* Activity *
Before copying, find the line below that contains "Immunohistochemistry of SPATA6"; then return it and all later lines exactly, up to and including the final line, with no pictures.

* Supplied data *
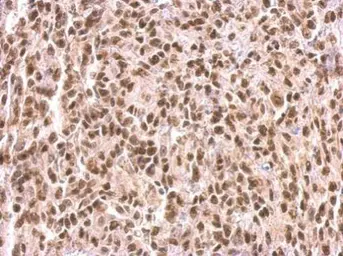 Anti-MEF2C antibody used in IHC (Paraffin sections) (IHC-P). GTX105433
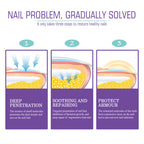 عرض 2 قطعة من NAIL FANGUS SPRAY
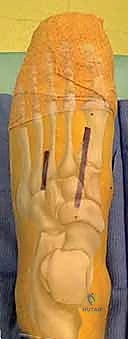 صورة توضيحية لـ إصابة ليزفرانك: دليل شامل للتشخيص والعلاج الجراحي الدقيق في صنعاء مع الأستاذ الدكتور محمد هطيف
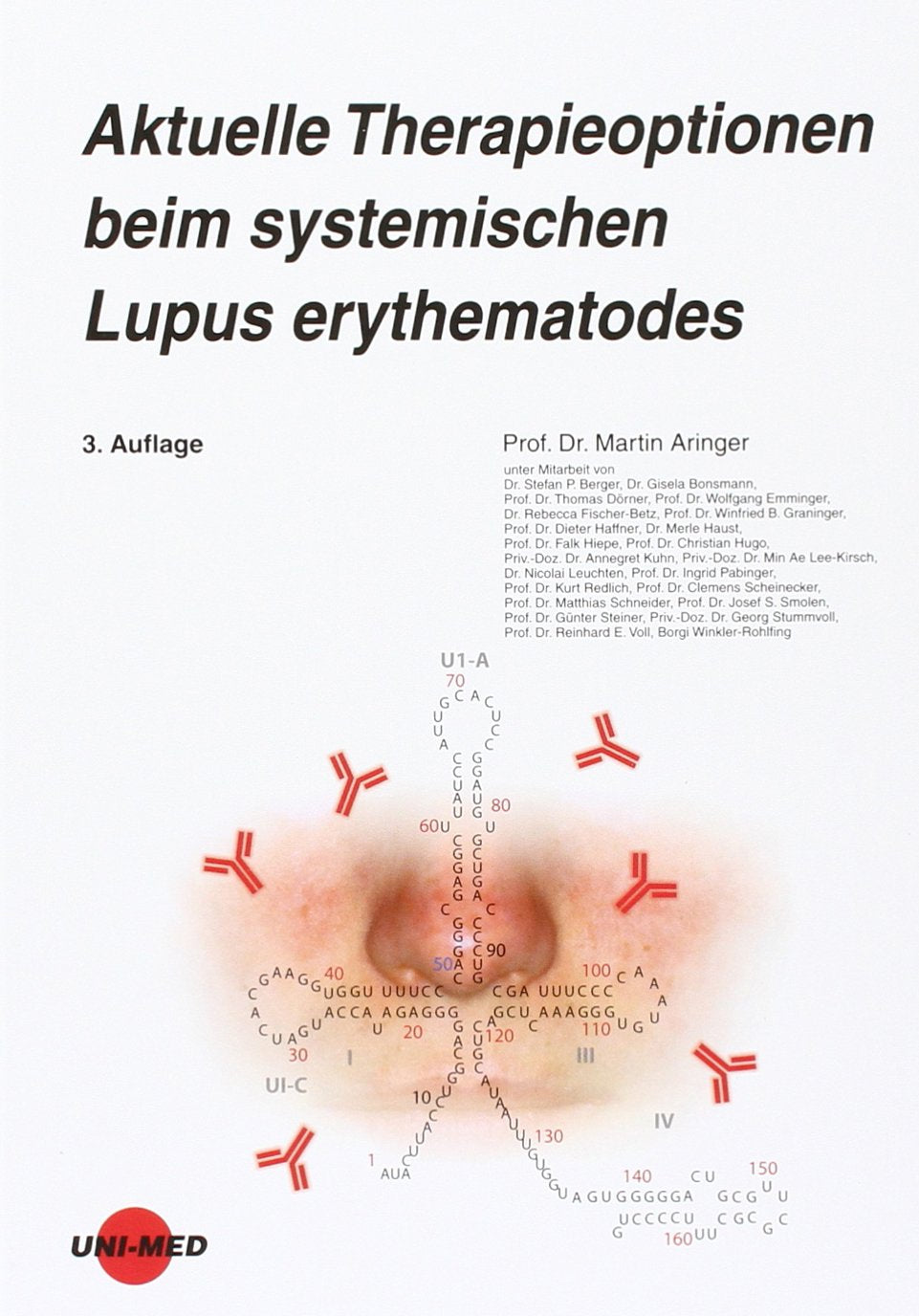 Aktuelle Therapieoptionen beim systemischen Lupus erythematodes Medicine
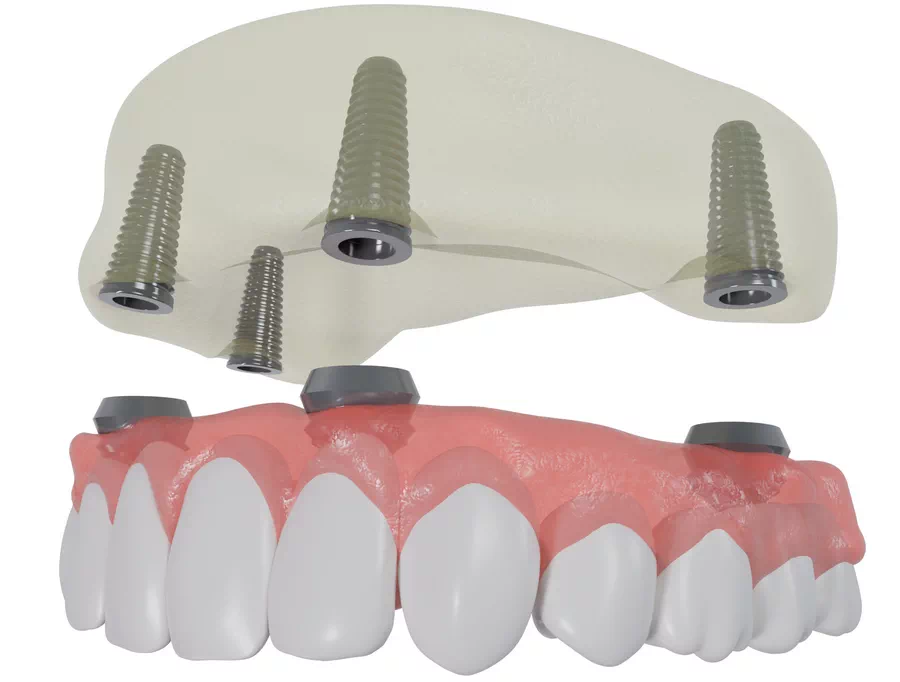 Teeth in a Day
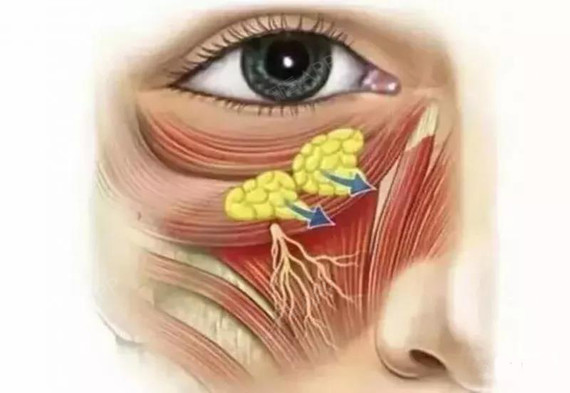 主要是皮肤,眼轮匝肌及眶隔松弛,造成眶隔脂肪由于重力作用脱垂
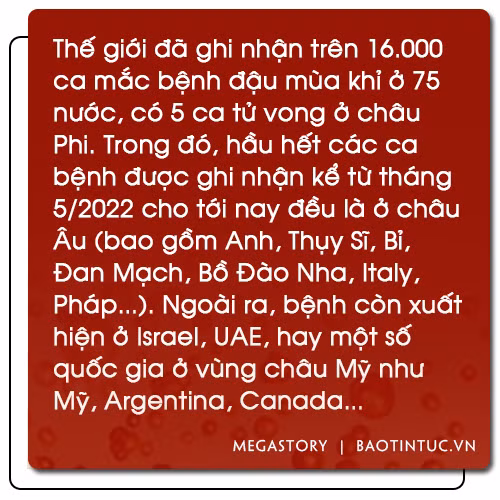 Cảnh giác với bệnh đậu mùa khỉ ảnh 4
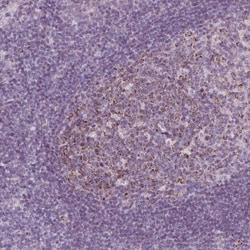 IL-17C Antibody, Novus Biologicals 0.1mL; Unlabeled:Antibodies, Polyclonal
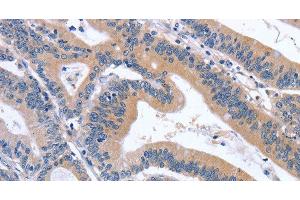 Immunohistochemistry of paraffin-embedded Human colon cancer tissue using GDF11 Polyclonal Antibody at dilution 1:30 (GDF11 anticorps)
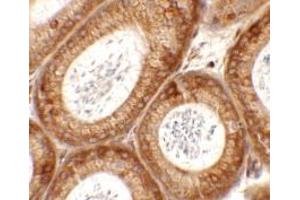 Immunohistochemistry of SPATA6 in mouse testis tissue with SPATA6 antibody at 2.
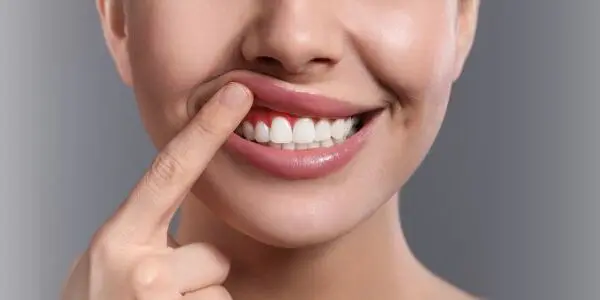 National Gum Care Month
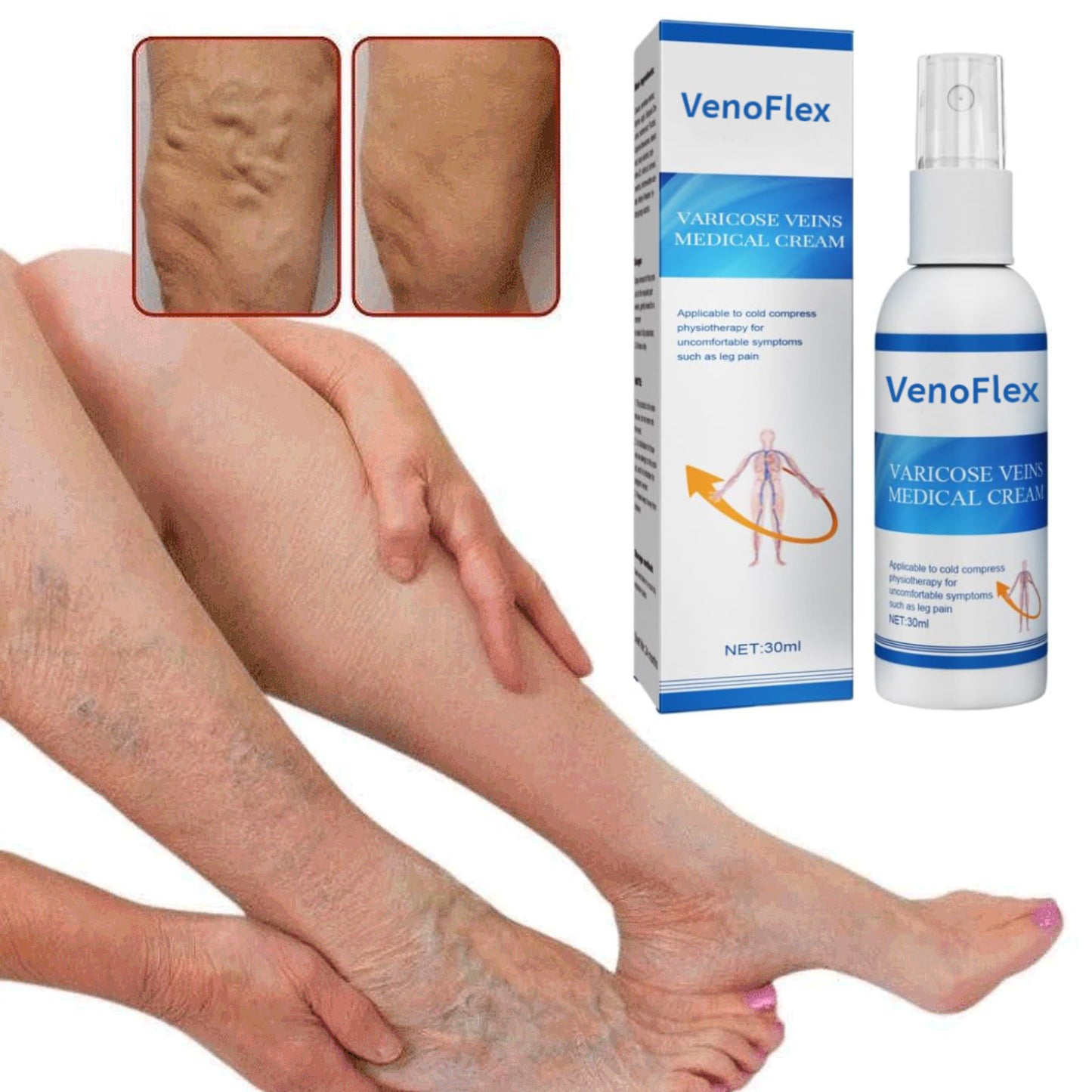 VenoFlex - Krema Za Proširene Vene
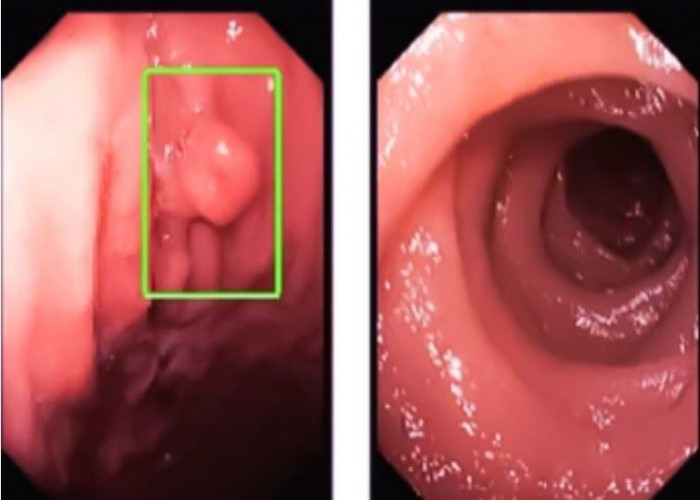 Colon polyps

* Task result *
 Immunohistochemistry of SPATA6 in mouse testis tissue with SPATA6 antibody at 2.
 National Gum Care Month
 VenoFlex - Krema Za Proširene Vene
 Colon polyps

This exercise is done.